#### What needs to be done:
Keep only the lines of the data below that contain "Glasses", and copy them.

#### Data in this exercise:

====================

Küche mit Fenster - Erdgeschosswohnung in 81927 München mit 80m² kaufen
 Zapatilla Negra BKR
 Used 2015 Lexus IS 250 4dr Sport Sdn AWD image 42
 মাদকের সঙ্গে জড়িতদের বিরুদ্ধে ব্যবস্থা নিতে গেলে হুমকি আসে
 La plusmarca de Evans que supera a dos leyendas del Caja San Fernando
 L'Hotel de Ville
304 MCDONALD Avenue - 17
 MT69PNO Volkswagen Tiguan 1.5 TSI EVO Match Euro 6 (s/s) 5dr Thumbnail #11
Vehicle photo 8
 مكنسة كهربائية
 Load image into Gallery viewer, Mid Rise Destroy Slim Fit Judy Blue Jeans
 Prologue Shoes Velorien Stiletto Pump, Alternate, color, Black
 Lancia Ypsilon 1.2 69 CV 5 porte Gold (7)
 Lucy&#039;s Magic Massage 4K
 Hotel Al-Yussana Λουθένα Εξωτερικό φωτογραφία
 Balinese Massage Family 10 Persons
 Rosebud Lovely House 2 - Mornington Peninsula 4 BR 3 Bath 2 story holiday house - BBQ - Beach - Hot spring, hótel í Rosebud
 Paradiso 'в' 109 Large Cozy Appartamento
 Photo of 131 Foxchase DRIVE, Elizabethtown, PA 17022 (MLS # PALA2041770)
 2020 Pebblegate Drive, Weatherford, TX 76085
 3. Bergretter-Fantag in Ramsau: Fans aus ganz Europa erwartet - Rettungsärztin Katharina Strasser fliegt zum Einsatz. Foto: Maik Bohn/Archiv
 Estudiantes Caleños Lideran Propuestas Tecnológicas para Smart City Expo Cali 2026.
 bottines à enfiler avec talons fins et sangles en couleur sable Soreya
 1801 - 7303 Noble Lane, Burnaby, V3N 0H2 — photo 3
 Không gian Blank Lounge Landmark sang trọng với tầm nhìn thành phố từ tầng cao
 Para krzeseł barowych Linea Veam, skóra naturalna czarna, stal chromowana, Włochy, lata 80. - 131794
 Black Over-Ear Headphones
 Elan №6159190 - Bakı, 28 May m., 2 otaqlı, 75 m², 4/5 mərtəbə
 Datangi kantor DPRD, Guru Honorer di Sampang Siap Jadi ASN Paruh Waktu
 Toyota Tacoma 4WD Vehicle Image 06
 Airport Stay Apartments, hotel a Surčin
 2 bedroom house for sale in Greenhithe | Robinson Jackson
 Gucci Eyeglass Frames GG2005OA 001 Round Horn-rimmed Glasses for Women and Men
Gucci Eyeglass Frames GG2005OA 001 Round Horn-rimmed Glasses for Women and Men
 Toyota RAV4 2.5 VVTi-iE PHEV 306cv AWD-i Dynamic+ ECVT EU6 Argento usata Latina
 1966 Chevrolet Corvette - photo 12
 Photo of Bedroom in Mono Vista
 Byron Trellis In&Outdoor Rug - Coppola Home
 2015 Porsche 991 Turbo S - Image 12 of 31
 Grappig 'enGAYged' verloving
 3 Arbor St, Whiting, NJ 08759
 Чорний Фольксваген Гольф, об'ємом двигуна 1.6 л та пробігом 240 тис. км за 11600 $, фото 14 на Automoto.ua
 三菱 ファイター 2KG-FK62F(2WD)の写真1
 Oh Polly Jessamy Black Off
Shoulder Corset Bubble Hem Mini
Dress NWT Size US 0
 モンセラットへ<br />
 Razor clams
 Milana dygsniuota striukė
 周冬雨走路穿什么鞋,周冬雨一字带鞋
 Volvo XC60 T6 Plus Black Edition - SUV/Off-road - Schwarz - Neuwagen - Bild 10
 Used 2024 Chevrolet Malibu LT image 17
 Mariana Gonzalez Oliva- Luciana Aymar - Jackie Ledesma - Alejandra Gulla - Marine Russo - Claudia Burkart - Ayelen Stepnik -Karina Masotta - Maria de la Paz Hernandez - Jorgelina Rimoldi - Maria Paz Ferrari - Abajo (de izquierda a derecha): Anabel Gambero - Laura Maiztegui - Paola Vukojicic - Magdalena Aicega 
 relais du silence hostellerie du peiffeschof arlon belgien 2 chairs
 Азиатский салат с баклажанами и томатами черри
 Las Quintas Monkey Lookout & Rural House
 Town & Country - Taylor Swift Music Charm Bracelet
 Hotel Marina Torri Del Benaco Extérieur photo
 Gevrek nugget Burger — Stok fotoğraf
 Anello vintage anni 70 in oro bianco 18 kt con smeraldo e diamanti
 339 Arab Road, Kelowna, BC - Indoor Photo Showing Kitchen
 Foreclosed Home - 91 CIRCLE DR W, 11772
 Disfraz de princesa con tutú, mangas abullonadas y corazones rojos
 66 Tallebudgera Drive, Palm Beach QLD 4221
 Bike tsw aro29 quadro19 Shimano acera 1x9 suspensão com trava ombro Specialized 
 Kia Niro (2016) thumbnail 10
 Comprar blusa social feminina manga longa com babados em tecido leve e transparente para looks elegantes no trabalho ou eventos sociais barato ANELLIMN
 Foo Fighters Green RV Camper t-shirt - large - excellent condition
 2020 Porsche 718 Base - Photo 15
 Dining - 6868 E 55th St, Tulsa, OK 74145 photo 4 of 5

====================

#### Reply:
 Gucci Eyeglass Frames GG2005OA 001 Round Horn-rimmed Glasses for Women and Men
Gucci Eyeglass Frames GG2005OA 001 Round Horn-rimmed Glasses for Women and Men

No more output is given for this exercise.